Gillespie Stochastic Simulation Algorithm
Algorithm 1
For $\mathbf{x}_{t} = i$, $$ P \left( \mathbf{X}_{t + \tau} = j | \mathbf{x}_{t} = i \right) = a_{j} \left( \mathbf{x}_{t} \right) \qquad , j = 1, \cdots , n $$ the method for simulating the realization of a continuous Markov chain $\left\{ \mathbf{X}_{t} \right\}$ is called the Gillespie Stochastic Simulation Algorithm, or simply SSA.
Input
Receives initial values $t=0$ and $\mathbf{X}_{0} = \mathbf{x}$.
Step 1.
Calculate $\sum_{j} a_{j} \left( \mathbf{x}_{t} \right)$.
Step 2.
Sample $\tau$ from the exponential distribution $\exp \left( \sum_{j} a_{j} \left( \mathbf{x}_{t} \right) \right)$. The larger $\sum_{j} a_{j} \left( \mathbf{x}_{t} \right)$ is, the smaller the expected value of $\tau$ becomes, and events occur more frequently.
Step 3.
Select $j$ with the probability of $\displaystyle {{a_{j}} \over {\sum_{j} a_{j} \left( \mathbf{x}_{t} \right)}}$. The larger $a_{j}$ is, the higher the probability that event $j$ will occur.
Step 4.
Record $\left( t + \tau, \mathbf{x}_{t + \tau} \right)$ and update as $$ \begin{align*} t \gets & t + \tau \\ \mathbf{x}_{t} \gets & \mathbf{x}_{t + \tau} \end{align*} $$. Since $\left\{ \mathbf{X}_{t} \right\}$ is a continuous-time Markov chain, one can return to Step 1 and repeat. Stop the algorithm when enough data has been obtained.
Output
Obtains the realization of given $\left\{ \mathbf{X}_{t} \right\}$.
Explanation
Example
The algorithm might look complicated with all the general expressions, but it’s actually pretty simple.

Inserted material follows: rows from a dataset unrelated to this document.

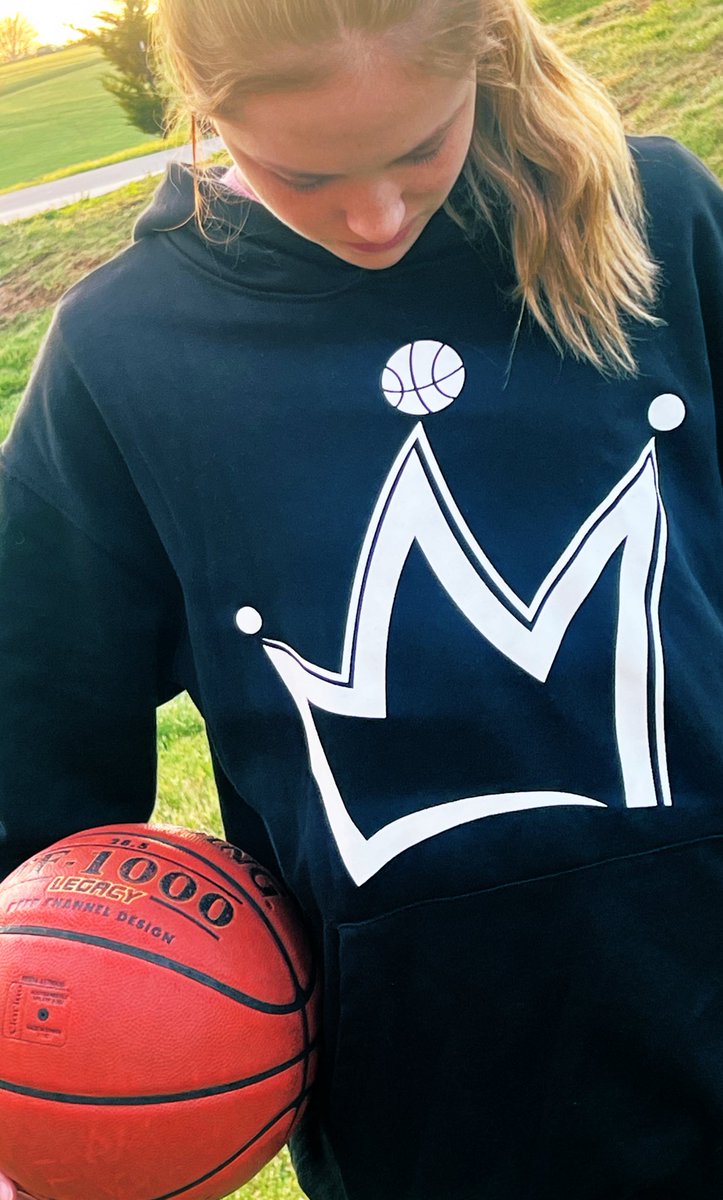 Ava_D_Workman1's tweet photo. I got my @CQ_Apparel this weekend 💪 What a great company that SUPPORTS womens basketball! Go check it out‼️@27ThunderSelect https://t.co/1Lq75SkGQj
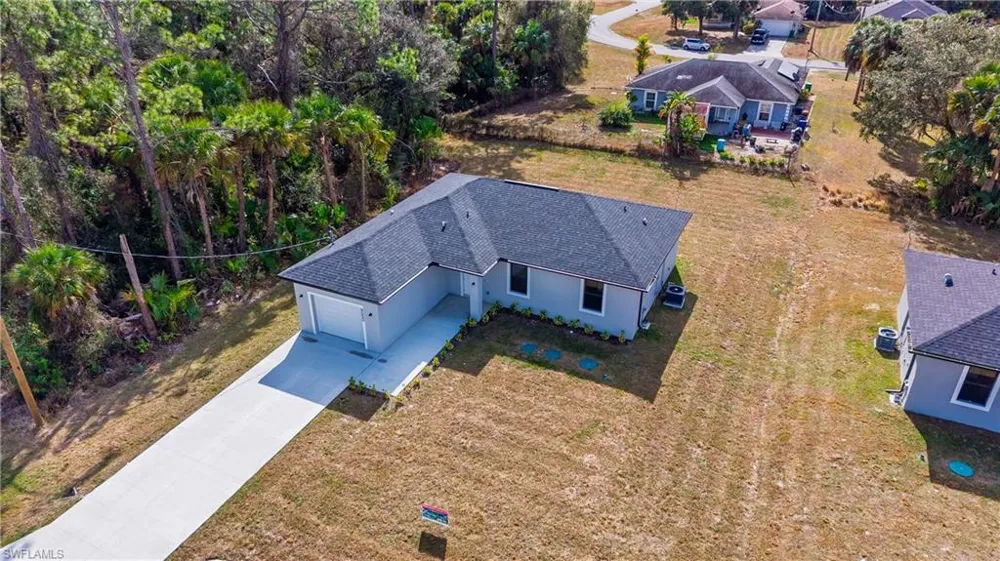 8050 Sherwood Circle Labelle, FL 33935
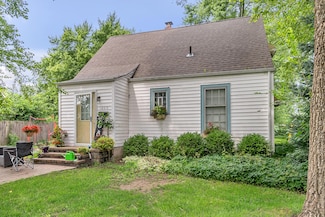 1206 Sycamore St, Crown Point, IN 46307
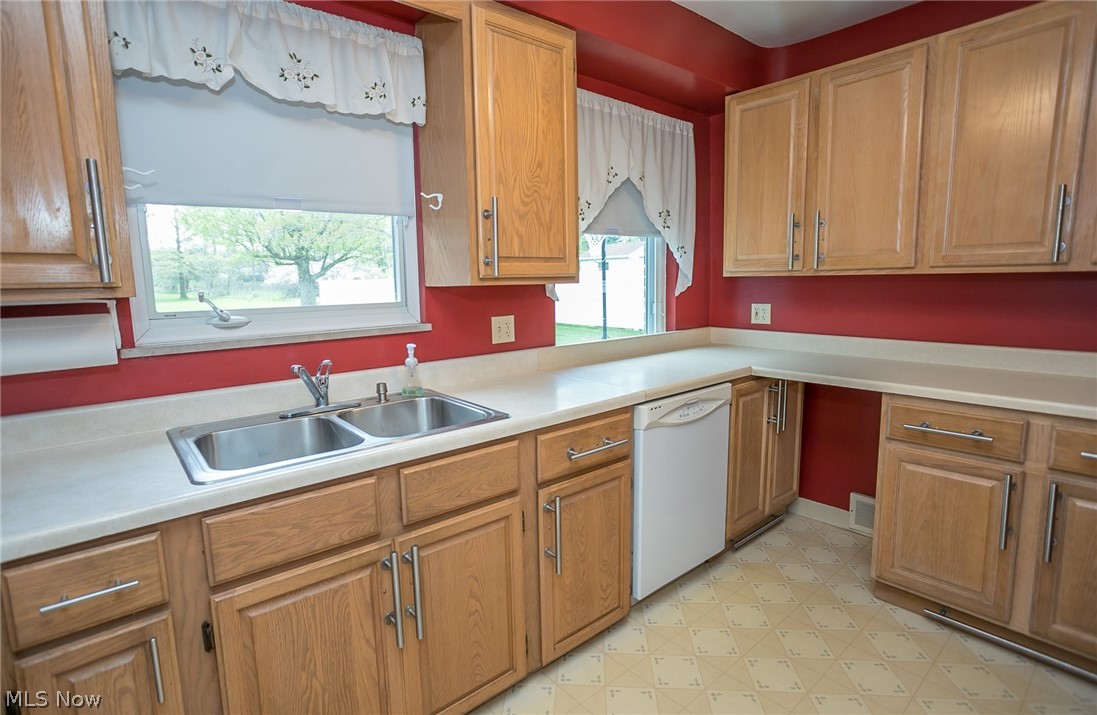 7027 Ridge Road Parma, OH 44129 - Photo 10 of 29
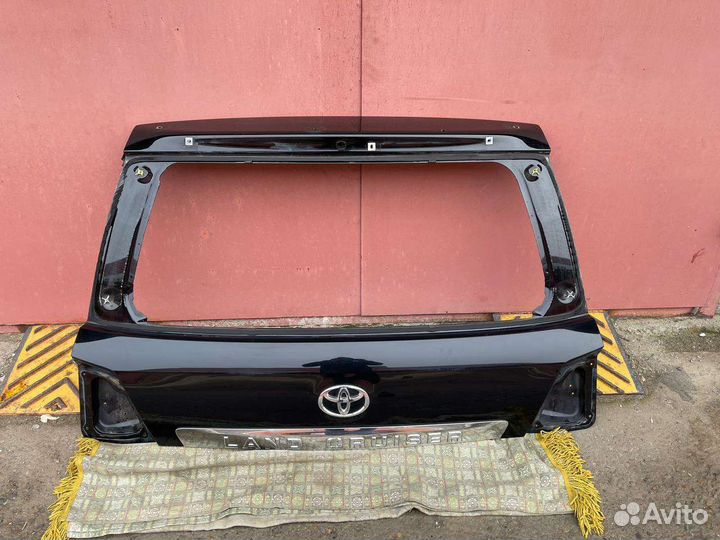 Крышка багажника Тойота Ленд Крузер 2008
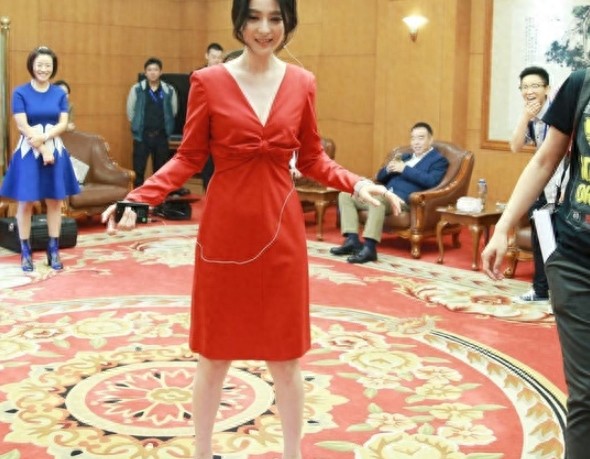 休息区的范冰冰，这脚丫我给出彩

Consider a simple Birth-Death Process. This process starts with $N$ individuals and shows the increase or decrease in population according to the birth rate $b > 0$ and the death rate $d > 0$. Whether $b$ is greater or smaller than $d$ will determine the pattern, but the frequency of events itself depends on their absolute values. It is plausible that events, whether births or deaths, happen more frequently in proportion to the current number of individuals, and the interval at which events occur when the population is $i$ follows $$ \tau \sim \exp \left( (b+d) i \right) $$. Once the timing of an event is decided, we choose which event, birth or death, will occur. At $t$, if the population is $i$, to breed at $t + \tau$ means $j = i+1$, and to die means $j = i-1$. These are proportional to the rate $b, d$ and the population at $t$, $i$, respectively, so $$ a_{i+1} (x) = b i \\ a_{i-1} (x) = d i $$. According to Step 3, decide which event will occur with the probability calculated by normalizing these.
Code
The following is the Julia code that directly translates the above example. $$ b = 2 \\ d = 1 $$ With the given parameters, repeat the simulation ten thousand times starting with the initial population $N=2$ and compute the average at $t = 2$ to compare with the theoretical prediction. It is written to be easy to read rather than efficient, so let’s check if the algorithm is implemented as described in the example.
using Distributions
using Plots
b = 2.0
d = 1.0
θ = b/(b+d)
result = plot(xlims = (0,2), ylims = (0, Inf))
Y = Int64[]
@time for _ in 1:10000
y = [2]
t = [0.0]
while t[end] < 2 && y[end] > 0
push!(t, t[end] + rand(Exponential(1/((b+d) * y[end]))))
if rand() < θ
push!(y, y[end] + 1)
else
push!(y, y[end] - 1)
end
end
if t[end] > 2
push!(Y, y[end-1])
else
push!(Y, 0)
end
plot!(result, t,y, label = :none, alpha = 0.01, color = :black)
end
plot!(result, 0:0.1:2,2exp.((b-d) .* 0:0.1:2), label = :none, color = :red, linewidth = 4, linestyle = :dot)
result
abs(mean(Y) - 2exp.(2(b-d)))
Visualizing the result looks like the above. The difference from the theoretical prediction $2\exp(2(b-d)) = 14.78$ is about 0.1, confirming that it has been calculated quite accurately.